[Requirement] The output should contain the listing word for word and no pictures.

[Information provided]
━━━

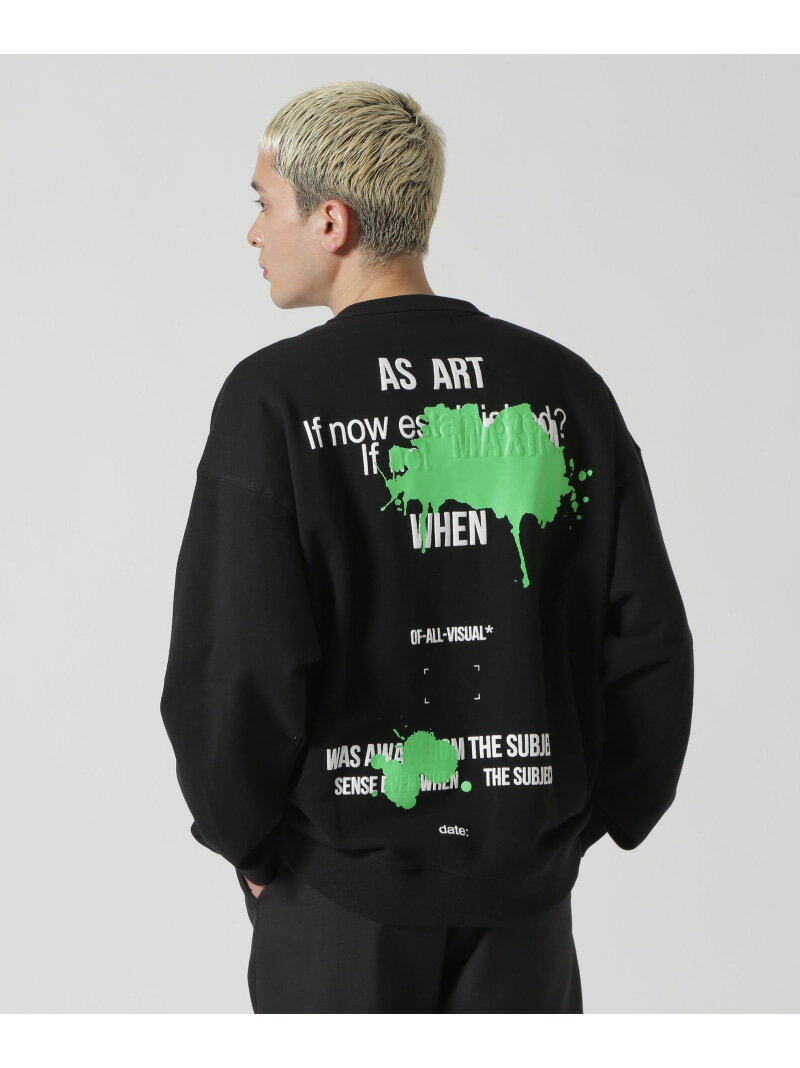 B'2nd A4A/G[tH[G[/PAINT SWEAT CREWNECK vgXEFbgN[lbN r[ZJh gbvX XEFbgEg[i[ ubN zCgyz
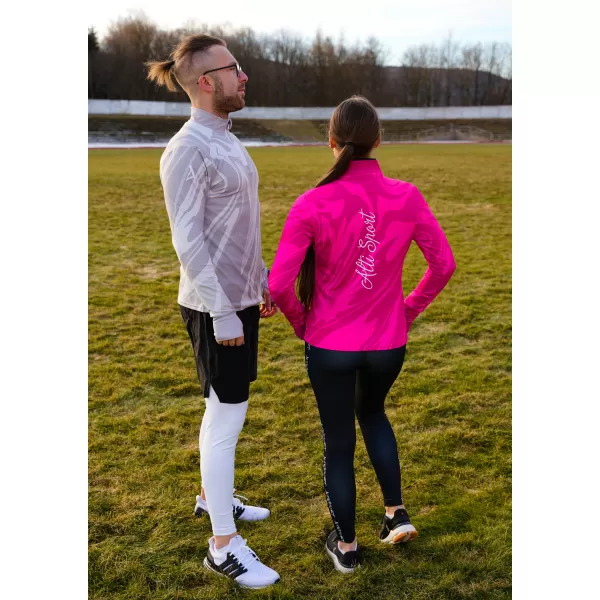  Frauen Sport Sweatshirt Premium Plus ALTISPORT VOJ/ALW072MI04 HEIßROSA 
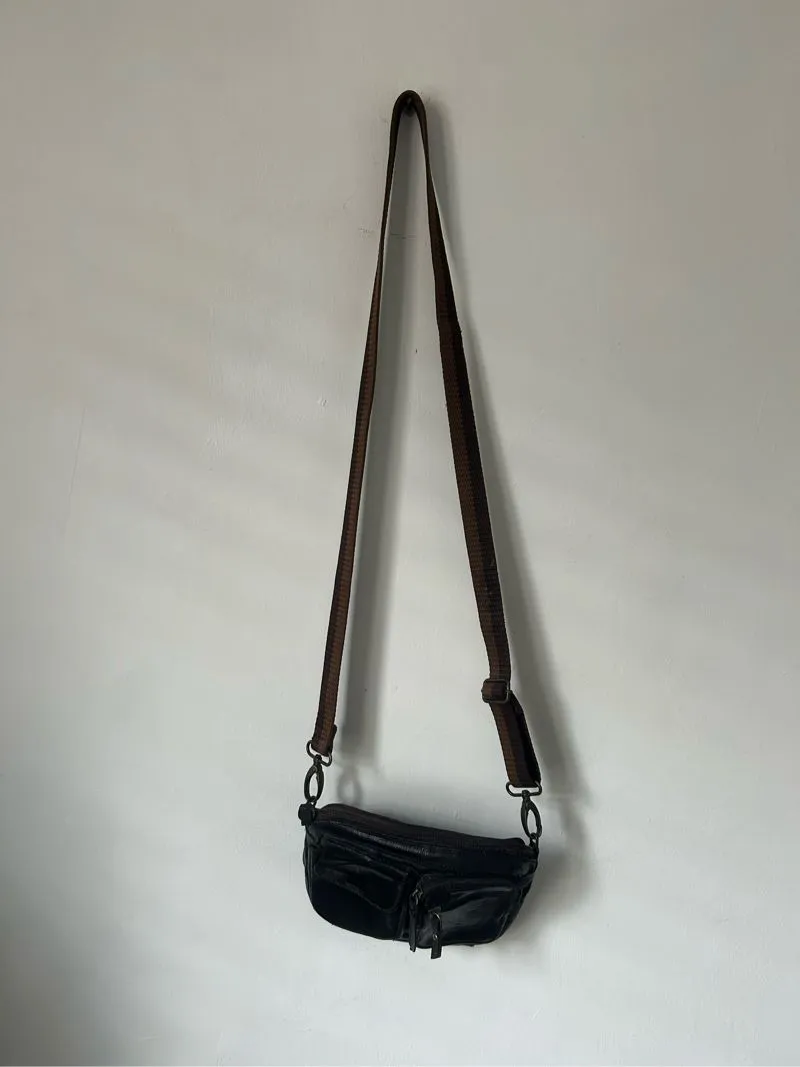 Head Porter Plus Brown Leather Sling Bag photo 1
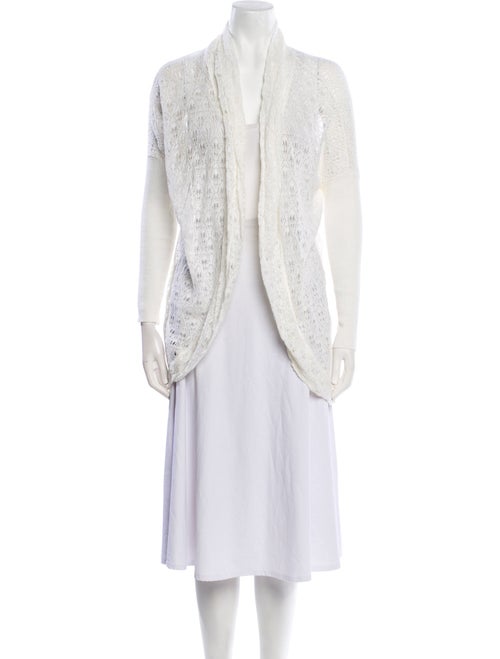 Alice + Olivia Linen Lace Pattern Robe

━━━

[Exercise solution]
 B'2nd A4A/G[tH[G[/PAINT SWEAT CREWNECK vgXEFbgN[lbN r[ZJh gbvX XEFbgEg[i[ ubN zCgyz
  Frauen Sport Sweatshirt Premium Plus ALTISPORT VOJ/ALW072MI04 HEIßROSA 
 Head Porter Plus Brown Leather Sling Bag photo 1
 Alice + Olivia Linen Lace Pattern Robe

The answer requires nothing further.